2014 GSA Annual Meeting in Vancouver, British Columbia (19–22 October 2014)

Paper No. 328-6
Presentation Time: 2:10 PM

TIME–SPACE DISTRIBUTIONS OF DIVERSE ORE DEPOSITS IN SOUTHERN ALTAIDS, NW CHINA AND ITS TECTONIC IMPLICATIONS


WAN, Bo, Tethys Research Center, Institute of Geology and Geophysics, Chinese Academy of Sciences, Beijing, 100029, China

Trench-arc-backarc system is a classic geological feature, which can be observed in active orogens or preserved in fossil orogens. In such a tectonic setting, orogenic gold ore deposits are always close to the trench and located within a serious of regional faults; porphyry copper ore deposits are located at the arc and volcanogenic massive sulfide (VMS) deposits are located at the backarc basin (Groves et al., 1998). Because the different stress field between building the arc (compression) and forming the backarc basin (extension), the porphyry and VMS ore deposits cannot form synchronously (Sillitoe 1980), which is consistent what we observed at active arc-backarc system.

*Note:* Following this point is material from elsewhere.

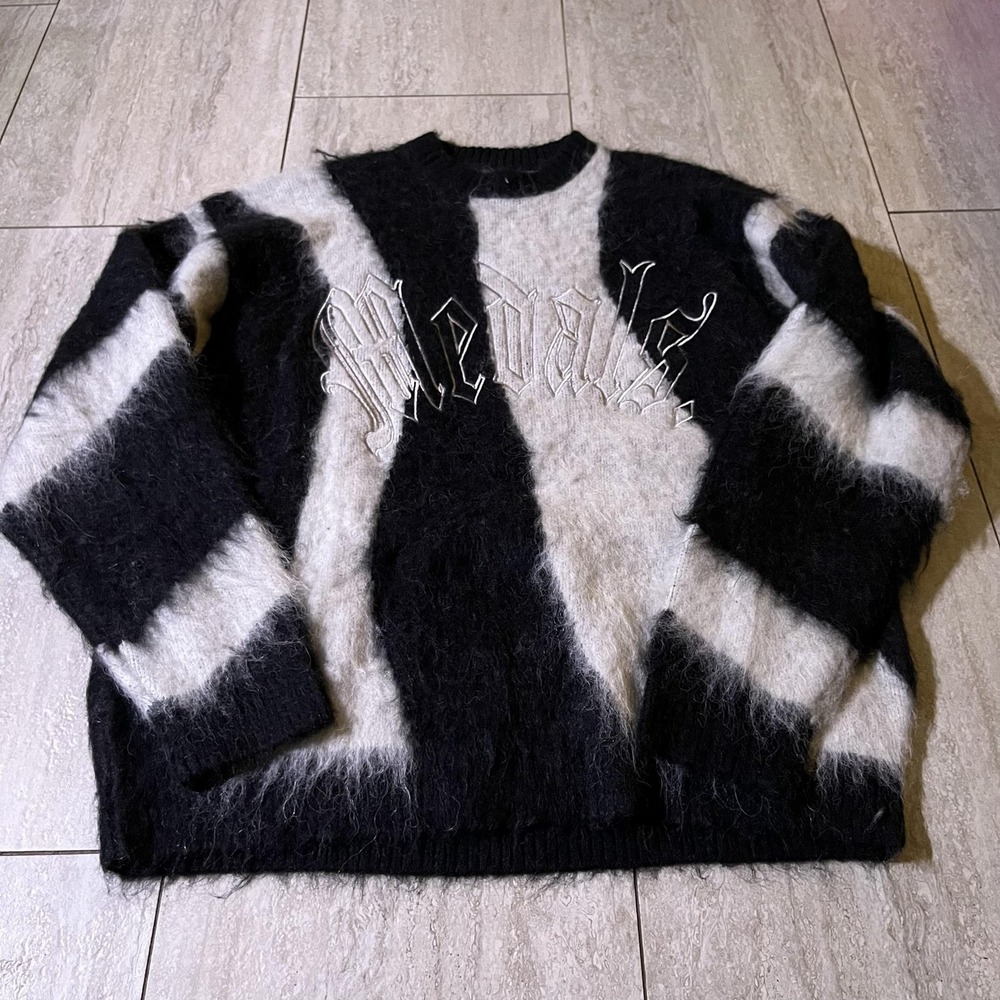 Beyond Medals Sweater Mens Large Black Fuzzy Stripe Gothic Logo Knit Pullover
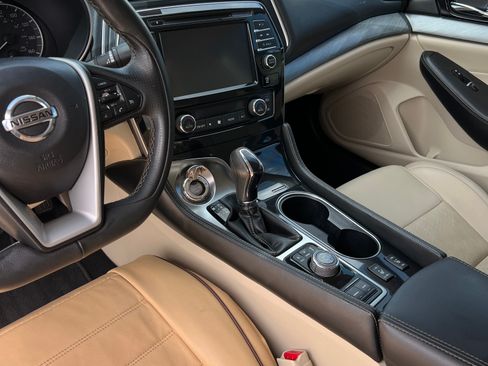 Used 2017 Nissan Maxima 3.5 SV image 15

The Chinese Altai–East Junggar collage in the southern Altaids hosts three metallogenic belts, which are, from north to south: (1) a volcanogenic massive sulphide (VMS) Cu–Pb–Zn belt; (2) a belt of shear zone-related gold deposits; (3) a porphyry Cu–Au–Mo belt. The VMS deposits formed in two pulses (c. 405 Ma and c. 375 Ma) in the Chinese Altai arc (Wan et al., 2011). The porphyry deposits developed in three pulses in the East Junggar arc, the first two synchronous with the VMS mineralization, and the third at c. 310 Ma (Wan et al., 2014). The shear zone-related gold and iron deposits developed in the late Carboniferous to Permian at the contact between the Chinese Altai and East Junggar arcs (Wan et al., 2012). Time–space distributions of diverse ore deposits across the Altai–East Junggar collage indicate that the collage developed from two independent arcs, the Chinese Altai and the East Junggar. The VMS and porphyry deposits developed in the Chinese Altai and East Junggar arcs, respectively. The Chinese Altai arc is interpreted to be a Japanese-type arc, and the East Junggar arc a Mariana-type arc. During the latest Palaeozoic, the two arcs were juxtaposed by the Erqis Fault, when many shear zone-related lode gold deposits were emplaced. These metallogenic distributions were a likely response to spatially localized mechanisms of crust growth and to the tectonic evolution of the Altai–East Junggar collage, and they are consistent with interpretation of the Altaids as a multiple subduction–accretion collage.